Un ouvrage qu'il m'est difficile de passer sous silence .
Pour ses qualités littéraires et pour l'importance de son thème : l'épopée des migrants , un regard sur un pan de la tragédie .
Ici , en Sicile , dans un village imaginaire , dès qu'arrivent les migrants accueillis par une association , un face à face d'abord larvé va progressivement diviser les habitants .
C'est un texte allégorique qui , par ses personnages hauts en couleur , campés avec minutie , va servir ce drame dans le souci de comprendre les deux clans en disséquant les arguments , les motivations ou les intérêts des uns ou des autres .
Mais , bien sûr , au devant de la scène reviennent sans cesse les histoires et le vécu de tel ou tel migrant , les causes de leur fuite . C'est dit sans langue de bois , avec une certaine neutralité .
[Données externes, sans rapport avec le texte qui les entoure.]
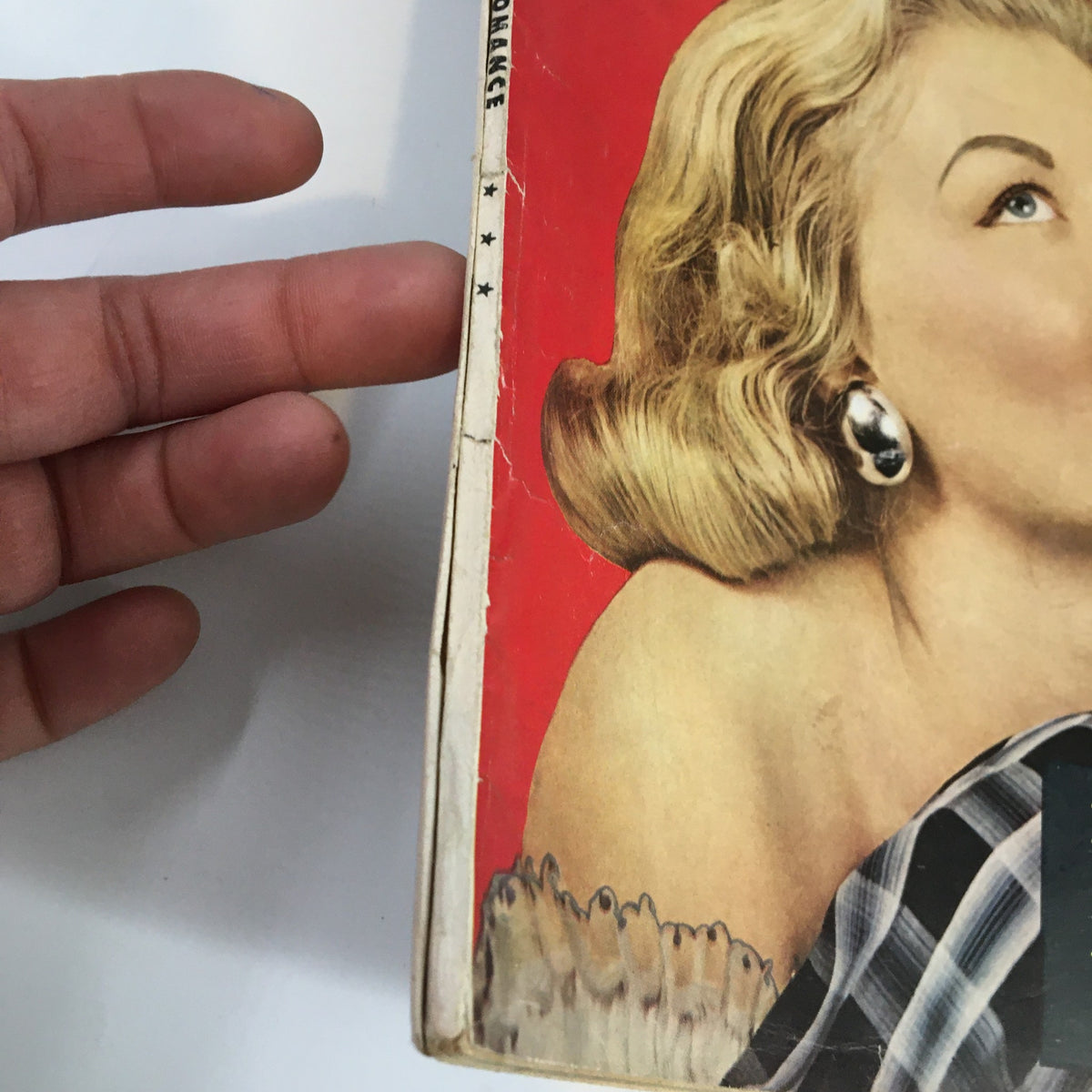 Close-up view of the spine and cover of My Romance Magazine, October 1958 edition showcasing its vintage condition and details related to 'I Married A Dying Millionaire'.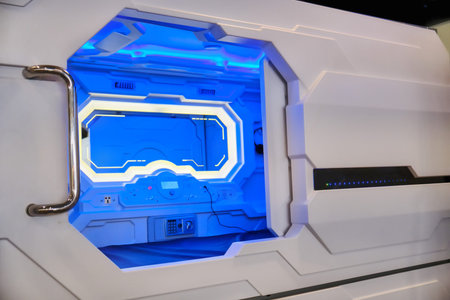 Blue light inside the room in capsule hotel. A place for the traveler to rest before the flight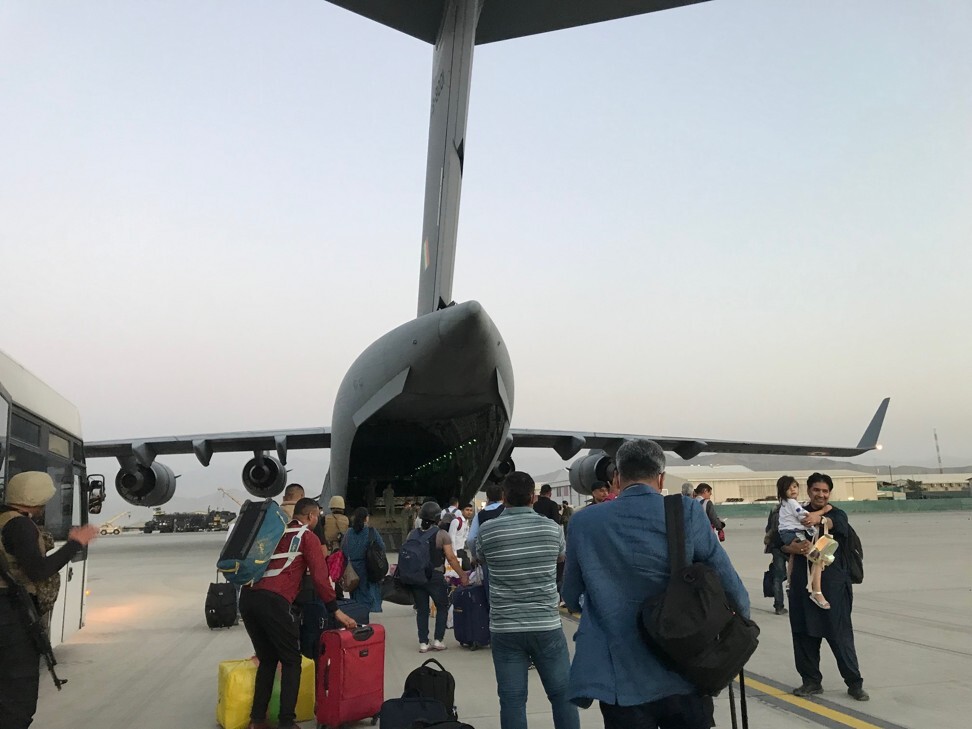 A military aircraft evacuates over 120 Indian citizens from Kabul. Photo: Sonia Sarkar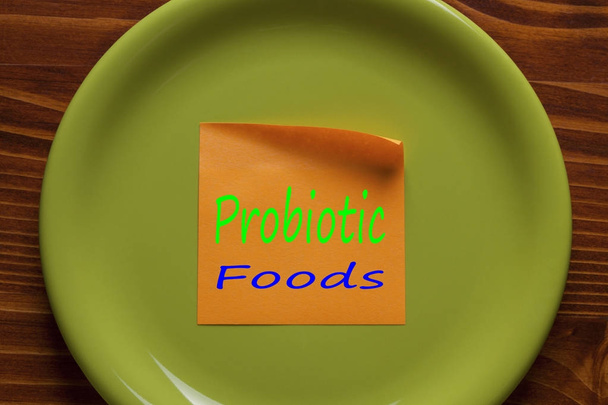 Τα προβιοτικά τρόφιμα γραμμένο σε μια σημείωση - Φωτογραφία, εικόνα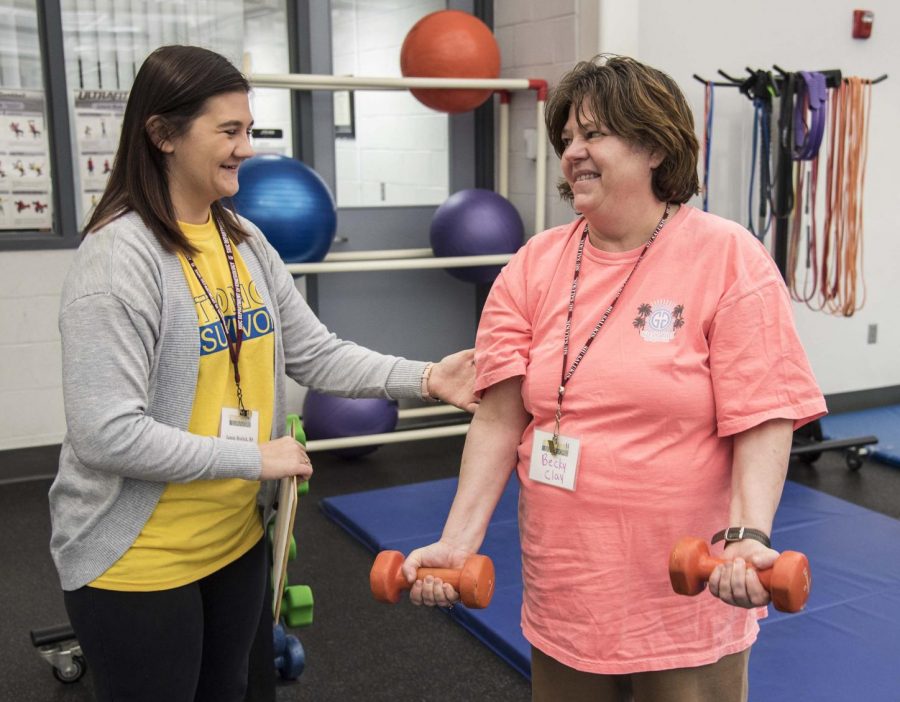Jamie Brolick assists Strong Survivor participant, Becky Clay, as she lifts weights in the Aerobics and Weight Training Center on Tuesday, Feb. 19, 2019 at John A. Logan. Brolick actively volunteers in the program in order to help cancer survivors regain their strength.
Pour parler de ce roman , je vais manquer de qualificatifs !
Dès le début , j'ai été envoûtée par le style élégant , fluide , riche , ciselé : en un mot , superbe ! J'y ai vu l'ombre des plus grands classiques . Un régal ...
Mais plus loin , la forme revêt aussi l'allure du conte africain qui sait si bien créer un rythme , comme s'il mettait le texte en musique .
Alors , le récit sera parfois fougueux , parfois lent : il va et vient pour mieux ménager le suspense .
Bon , il y a bien ici et là quelques longueurs mais , on devine le souci de perfectionnisme qui semble animer l'auteur .
Si ce roman se veut réaliste , il m'a surtout séduite par sa délicatesse et sa poésie qui ont réussi à atténuer un peu la gravité du sujet.
Mais , ce que j'en retiendrai , c'est l'expression d'une pensée lumineuse et profonde , philosophique et sage , humaniste et engagée .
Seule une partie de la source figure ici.